Yo ya estaba muy molesta con todos esos sujetos, hasta la oración del cuerpo, porque se tiene que hacer una antes del entierro. Y pasa que el pastor no salía, yo preocupada pensando: ¿qué pasa? Por qué esto no empieza, yo ya me quería ir, no podía estar más tiempo al lado de todos esos sujetos que estaban a punto de pelearse por terrenos. Así que mando tu tía a que se acerque y vea que sucede. Ella ya tenía unos 18 años, ya estaba grande y se daba cuenta de lo que ocurría.
Ay, hijo.
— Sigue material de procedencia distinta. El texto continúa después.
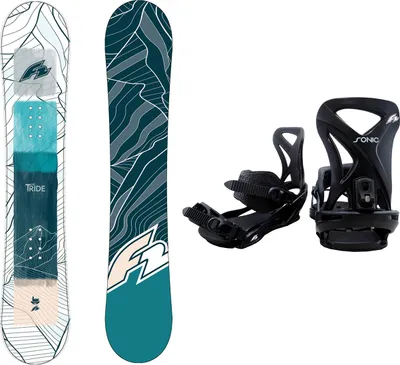 Produktbild von F2 Set Snowboard T-Ride Wood Weiss 162cm + Sonic Pro Bindung L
Se acerca tu tía y me dice que mis hermanos no tenían plata suficiente para pagarle al pastor y por eso no salía. Ya se estaba pasando la hora y el pastor no quería salir por nada en el mundo hasta que le paguen. Una mierda todo ese ritual creyente también. Para que mentirte, irse al cielo sale caro. Todo salía mal. Así que le dije a tu tía que mientras yo iba a sacar los boletos para el bus de regreso a Lima, pues, que ella dé para que el pastor haga la oración y todo eso. Lloré. Lloré como nunca porque mi madre, que trató y defendió a esos desgraciados. Si yo no hubiera estado ahí, seguro que metían a mí madre en cualquier hueco para enterrarla. Me dio mucha pena, mucha, mucha tristeza. Cómo dijo tu tía esa vez: todo el viaje te la pasaste llorando mamá. Ninguno de sus hijos, que según ellos tenían todo y que yo era una "pobrecita", pudo darle una despedida digna a mi madre. Tuve que llegar yo para hacer las cosas bien. Yo que traté de darles todo a esos desgraciados que me trataron mal y con una madre que nunca me apoyó en nada. Ella me dejó sin nada y siempre se aprovechó de todo lo que le di. Ya nunca más le tuve algún apego a mis hermanos. En la muerte de mis dos hermanos, decidí no ir. Ellos no le dieron nada a mi madre, a pesar de que ella me quitó todo para darles algo a ellos. Para colmo, en vez de asegurarse de que mi madre tenga una buena despedida, querían asegurarse sus tierras. Ni mi hermana que siempre me habló de dinero y de todo lo que le costó las cosas y lujos que se dio. Dicen que nos parecemos, pero yo no soy como ella; así de ambiciosa y presumida. Patética tonta. Un día estaba haciendo mis cosas y me vi al espejo, yo preguntando: ¿Dónde había visto a la mujer que me parecía? Luego me acuerdo de mi madre. Igualita a ella era yo. Me vi igualita. Pero mi madre se parecía más a mi hermana. Yo siempre fui la que no merecía nada.